In a short dispatch, the North's official Korean Central News Agency said Kim's envoy was Choe Ryong Hae, the North Korean military's top political officer tasked with supervising the army. Choe was one of a handful of new vice marshals North Korea announced last year.
The trip comes as a new leadership in China has shown frustration with North Korea and a greater willingness to work with Washington to harry Pyongyang over its nuclear ambitions. China is Pyongyang's economic and diplomatic lifeline, providing nearly all of its fuel and most of its trade.
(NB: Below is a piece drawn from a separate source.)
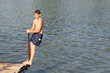 Teenage boy jumping in the river from the dock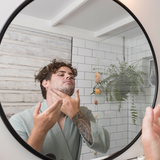 Man washing his face with Sanctum Men's Facial Wash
Still, Beijing's primary goal is stability, and it has sought to temper diplomatic pressure on the North's nuclear program so as not to create a crisis that could damage the Chinese economy or push refugees into China.
South Korean Unification Ministry spokeswoman Park Soo-jin said it's too early to provide an assessment on Choe's trip to China.
Kim Jong Un hasn't visited Beijing since he took power from his father, Kim Jong Il, who visited China in August 2011 just months before he died that December.
Strains have increasingly appeared in relations between Beijing and Pyongyang over North Korea's nuclear efforts, which included a February nuclear test, Pyongyang's third. That test was followed by U.N. sanctions and a weekslong period of high tensions, as North Korea threatened nuclear strikes on Washington and Seoul. Those tensions have eased some, and there have been tentative signs of an interest in diplomacy.
In another sign of Beijing's displeasure with its ally, China's state-run Bank of China Ltd. said earlier this month that it had notified the Foreign Trade Bank of North Korea that its accounts were closed and all financial transactions suspended. Washington welcomed the move.
On Tuesday, a Chinese fisherman said gunmen wearing North Korean military uniforms released his boat after holding its crew for two weeks, beating up the captain and stealing the vessel's fuel.